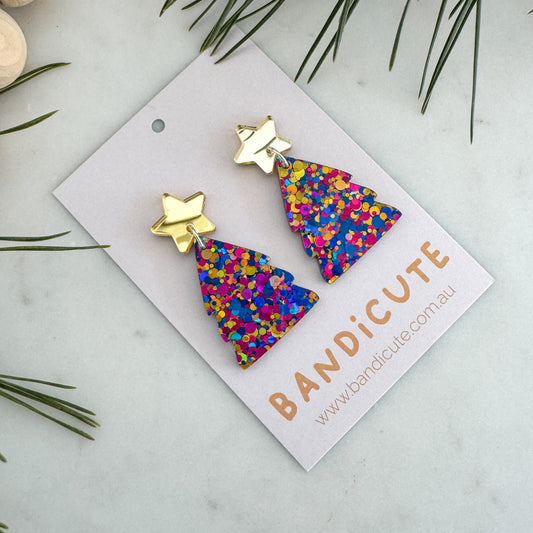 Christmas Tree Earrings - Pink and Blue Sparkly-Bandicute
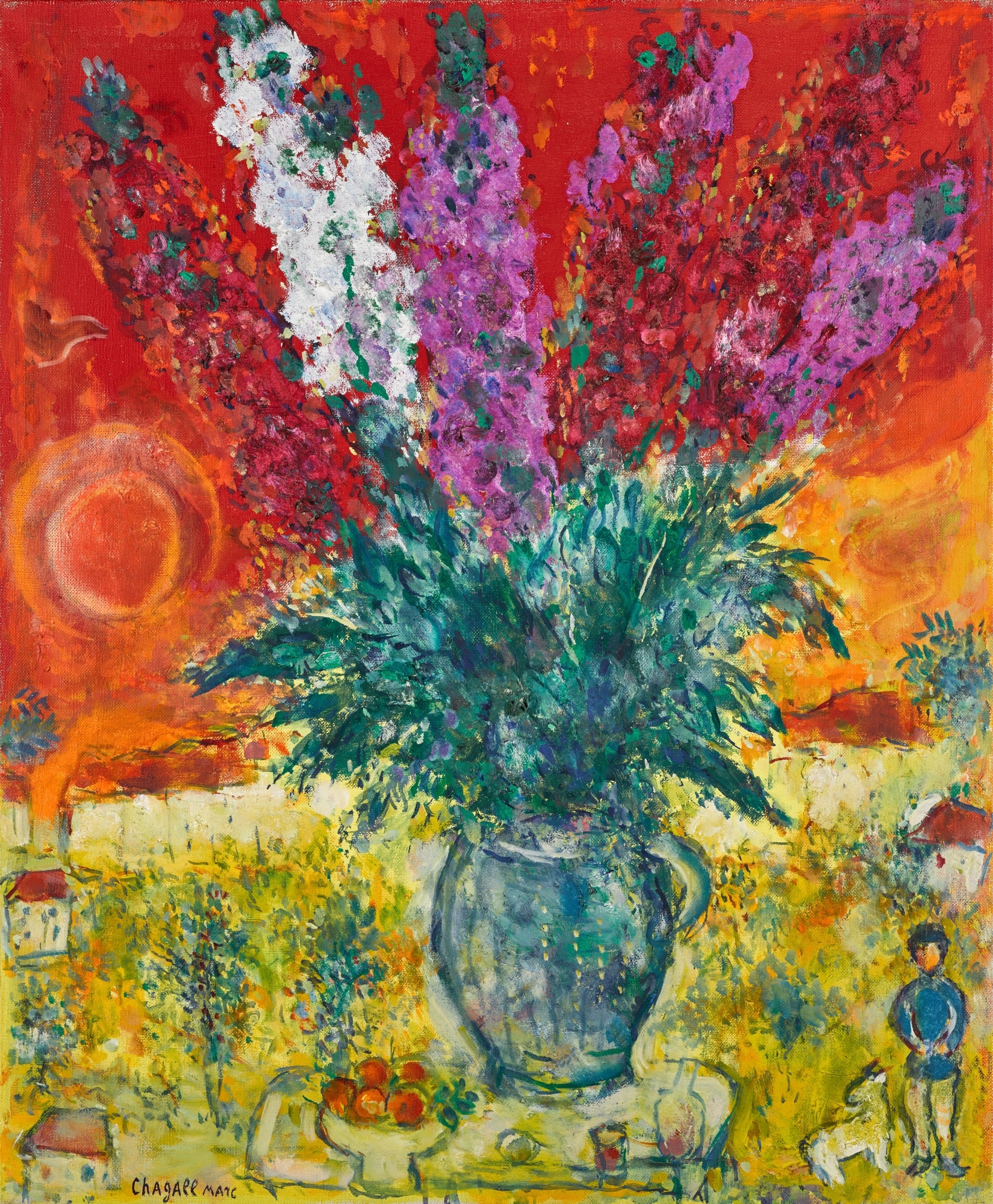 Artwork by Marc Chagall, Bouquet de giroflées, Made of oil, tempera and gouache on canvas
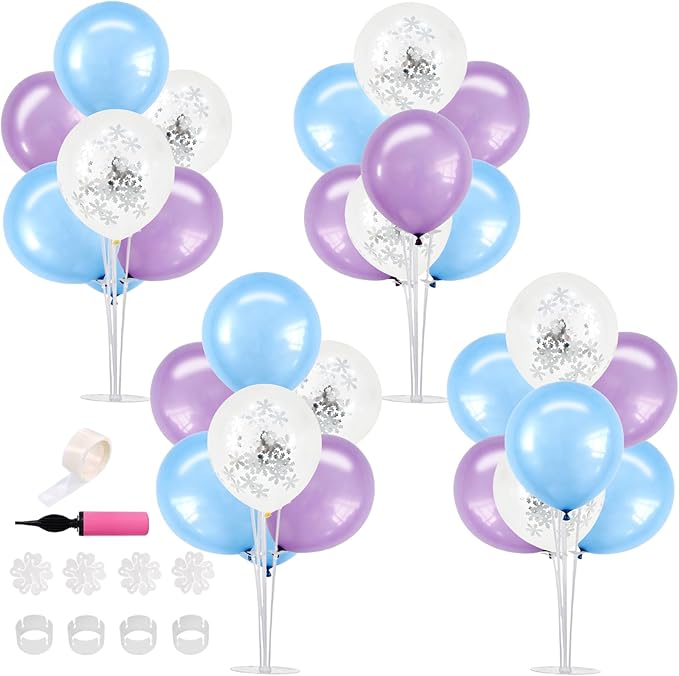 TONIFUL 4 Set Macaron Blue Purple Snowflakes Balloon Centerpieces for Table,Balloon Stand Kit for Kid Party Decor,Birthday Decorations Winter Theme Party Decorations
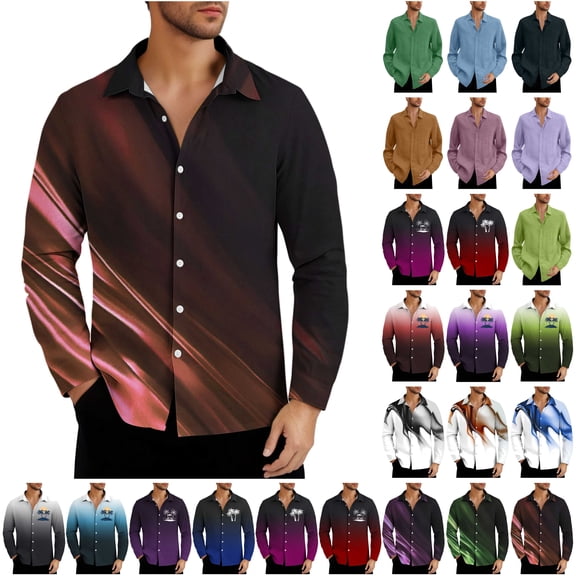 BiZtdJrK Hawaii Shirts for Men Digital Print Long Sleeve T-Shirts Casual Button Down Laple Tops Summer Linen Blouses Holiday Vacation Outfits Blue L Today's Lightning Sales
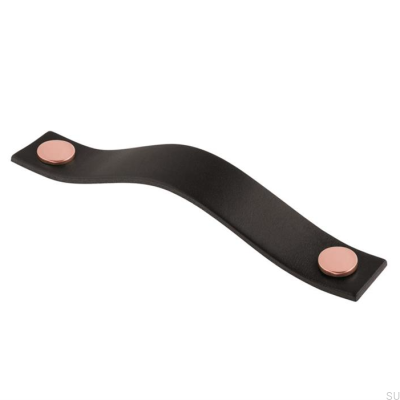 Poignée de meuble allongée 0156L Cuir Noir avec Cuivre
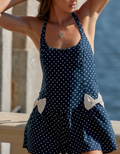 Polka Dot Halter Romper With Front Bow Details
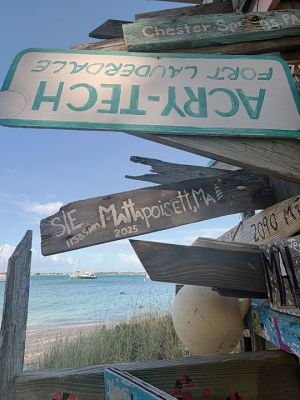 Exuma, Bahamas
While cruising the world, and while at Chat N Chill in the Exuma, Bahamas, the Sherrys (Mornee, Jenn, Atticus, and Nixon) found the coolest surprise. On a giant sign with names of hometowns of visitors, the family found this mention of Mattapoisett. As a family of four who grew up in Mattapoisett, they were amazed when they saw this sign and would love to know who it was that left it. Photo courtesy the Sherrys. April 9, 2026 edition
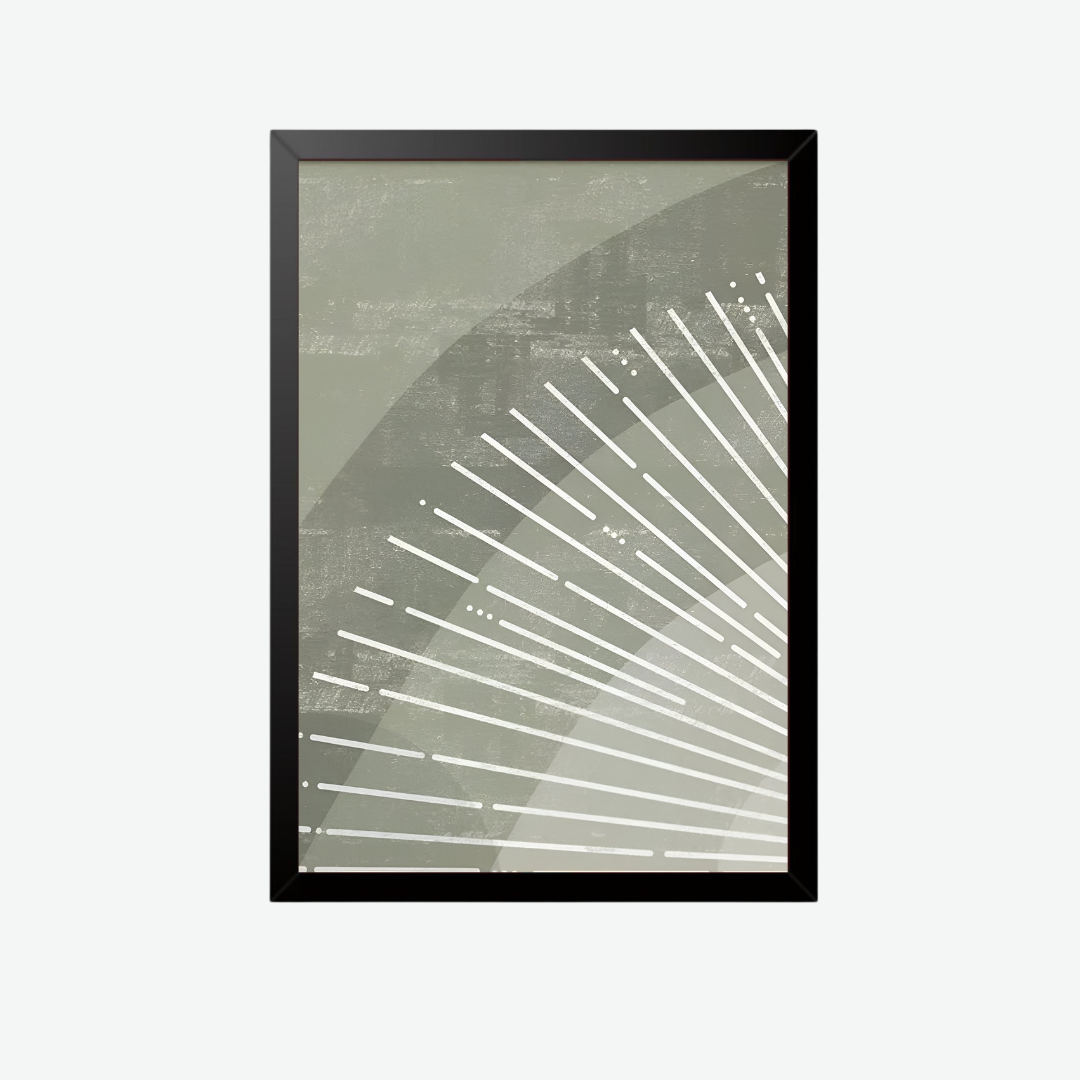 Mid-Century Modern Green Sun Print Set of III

* * *

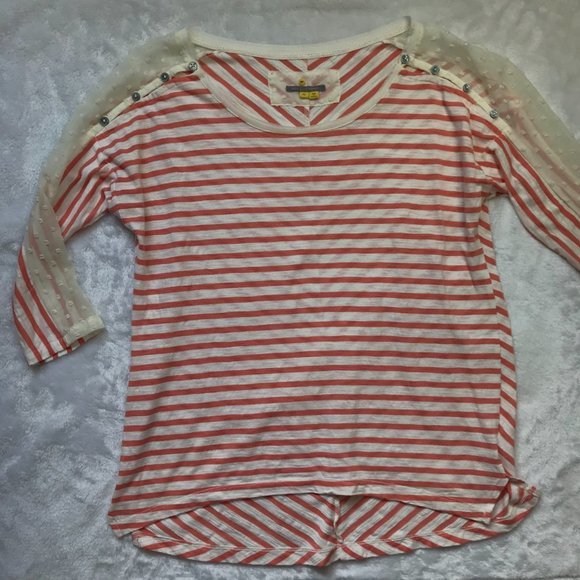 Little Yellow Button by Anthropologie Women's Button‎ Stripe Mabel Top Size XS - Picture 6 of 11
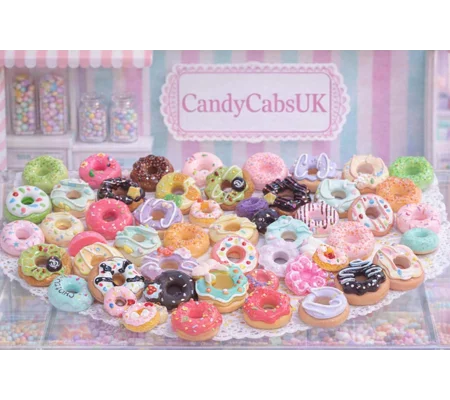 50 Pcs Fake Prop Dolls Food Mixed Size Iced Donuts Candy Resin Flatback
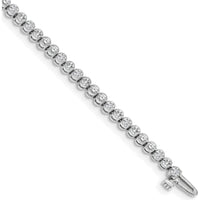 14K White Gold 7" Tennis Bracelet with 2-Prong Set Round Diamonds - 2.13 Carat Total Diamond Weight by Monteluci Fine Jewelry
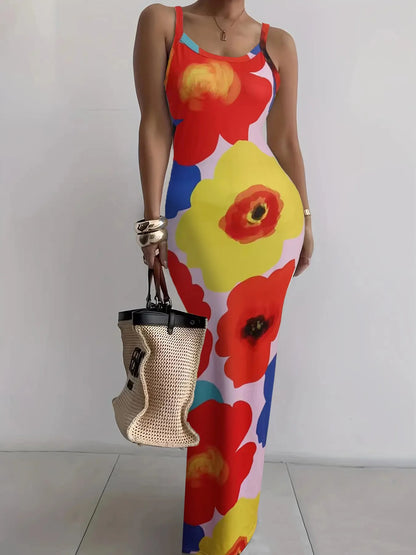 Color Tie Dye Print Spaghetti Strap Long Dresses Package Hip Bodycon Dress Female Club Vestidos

**What is being asked**.
Among the entries above, take the line with "Polka Dot Halter", the line with "Mid-Century Modern Green", and all the lines between them, and restate them word for word without pictures.

**Task answer**.
 Polka Dot Halter Romper With Front Bow Details
 Exuma, Bahamas
While cruising the world, and while at Chat N Chill in the Exuma, Bahamas, the Sherrys (Mornee, Jenn, Atticus, and Nixon) found the coolest surprise. On a giant sign with names of hometowns of visitors, the family found this mention of Mattapoisett. As a family of four who grew up in Mattapoisett, they were amazed when they saw this sign and would love to know who it was that left it. Photo courtesy the Sherrys. April 9, 2026 edition
 Mid-Century Modern Green Sun Print Set of III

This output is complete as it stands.